One of my questions is "should these words be marked as misspelled at
all?" Words that are "incorrect" but are widely in use sound like good
candidates for addition into a language, regardless of what the French
and Spanish purists/governments think. Languages are fluid, evolving
things and borrow heavily from their times, surroundings, other
languages and cultures, technology/science, and the people who speak the
language. But let's say that these words should really be marked as
incorrect, for the sake of argument.

If they really aren't allowable words, does this fall under a spell
checking problem? I'd argue no. Spell checking solves the problem of
mapping:

possibly misspelled word->correctly spelled word(s)

and not

possibly suboptimal/illegal word->better/legal word(s)

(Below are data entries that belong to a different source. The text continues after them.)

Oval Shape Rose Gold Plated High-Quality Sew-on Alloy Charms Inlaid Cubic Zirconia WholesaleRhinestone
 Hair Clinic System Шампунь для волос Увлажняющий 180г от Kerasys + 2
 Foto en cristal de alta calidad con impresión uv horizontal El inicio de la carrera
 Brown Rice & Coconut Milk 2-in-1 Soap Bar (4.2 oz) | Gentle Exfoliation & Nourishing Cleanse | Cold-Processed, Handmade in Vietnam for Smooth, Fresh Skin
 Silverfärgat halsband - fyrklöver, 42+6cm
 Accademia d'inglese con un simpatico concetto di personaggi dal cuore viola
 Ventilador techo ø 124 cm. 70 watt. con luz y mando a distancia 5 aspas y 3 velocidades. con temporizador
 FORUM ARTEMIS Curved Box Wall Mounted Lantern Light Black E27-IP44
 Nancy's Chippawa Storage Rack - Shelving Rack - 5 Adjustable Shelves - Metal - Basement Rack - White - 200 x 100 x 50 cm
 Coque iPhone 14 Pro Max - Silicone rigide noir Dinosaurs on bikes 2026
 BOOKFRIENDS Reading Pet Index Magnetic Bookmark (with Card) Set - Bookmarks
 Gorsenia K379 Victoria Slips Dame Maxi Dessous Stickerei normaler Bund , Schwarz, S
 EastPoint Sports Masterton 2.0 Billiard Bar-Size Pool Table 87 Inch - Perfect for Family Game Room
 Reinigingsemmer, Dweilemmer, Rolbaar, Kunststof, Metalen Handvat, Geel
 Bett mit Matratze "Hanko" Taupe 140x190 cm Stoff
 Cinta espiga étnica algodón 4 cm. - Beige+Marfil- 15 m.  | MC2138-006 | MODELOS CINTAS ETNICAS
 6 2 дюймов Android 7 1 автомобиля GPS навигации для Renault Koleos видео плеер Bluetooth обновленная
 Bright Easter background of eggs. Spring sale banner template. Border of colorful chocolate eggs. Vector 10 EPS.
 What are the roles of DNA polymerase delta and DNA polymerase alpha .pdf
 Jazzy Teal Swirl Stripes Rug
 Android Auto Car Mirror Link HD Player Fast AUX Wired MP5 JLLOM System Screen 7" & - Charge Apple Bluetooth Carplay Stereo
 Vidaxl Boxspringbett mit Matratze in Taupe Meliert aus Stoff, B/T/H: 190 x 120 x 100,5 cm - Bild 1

In my opinion, this looks like a different, but related problem, one
related to a language's constructs (i.e. something more closely related
to grammar) than to the spelling of its words. If you argue that a
misspelled word is "suboptimal" or "illegal" you would be correct in a
sense. But here the user's intent was to write a legal/optimal word. In
your case, it is the user's intent to write a correctly spelled
"suboptimal" word. Should some sort of warning pop up? Maybe, but that
could get annoying really fast if I honestly mean to use these words.
But I don't want to disable spell checking because I really do want the
rest of the words checked.

So through all of this, we've proven is that this is possibly a proofing
problem, and not a spell checking problem. Read on.

> I see this an enhancement to the spell checking system and it most likely will
> take under 100 lines code. Any particular reason that makes you think that
> this is not appropriated for our main tree?

Because I don't see this as a spelling issue and don't believe that it
will only take 100 lines to get it right. Consider simply these folowing
cases. Please tell me how to fix them without creating a *huge*
barbarism file and how to properly identify and handle them in under 100
lines of code:

*) Mixed capitalization (ComPutEr)
*) Different verb tenses (compute, computed, has computed)
*) Pluralization (computes, computers)
*) Split infinitives
*) The "barbaric" word is misspelled. You'd need to do at least 2
mappings here to get the intended effect: misspelled barbaric->correct
barbaric->preferable word

Note that this is just what I could think of in 30 seconds, and isn't an
exhaustive study of the problem at hand.

I see this as a separate service that we could provide in addition to
spell checking, but it is certainly not spell checking.

> Alan has suggesting that we can implement this as an enhanced custom.dic for
> every language. It makes sense to me. What do you think?

I don't think that you can achieve this through using a custom.dic for
every language, as the custom.dic only has a list of words you mark as
"allowable" or "correctly spelled" for a language. It doesn't offer a
mapping from wrong->correct word. It doesn't use any algorithm (eg:
soundex, visual similarity) to suggest words. To go through this route,
in my estimation, would involve writing something nearly equivalent in
both size and scope to ispell.

> Dom, I think that we should discuss this more a bit to see how good can it be
> for other languages, and finally if is not useful we move it to a plugin, but
> I think that is a bit early to say "I don't want this in the main tree.".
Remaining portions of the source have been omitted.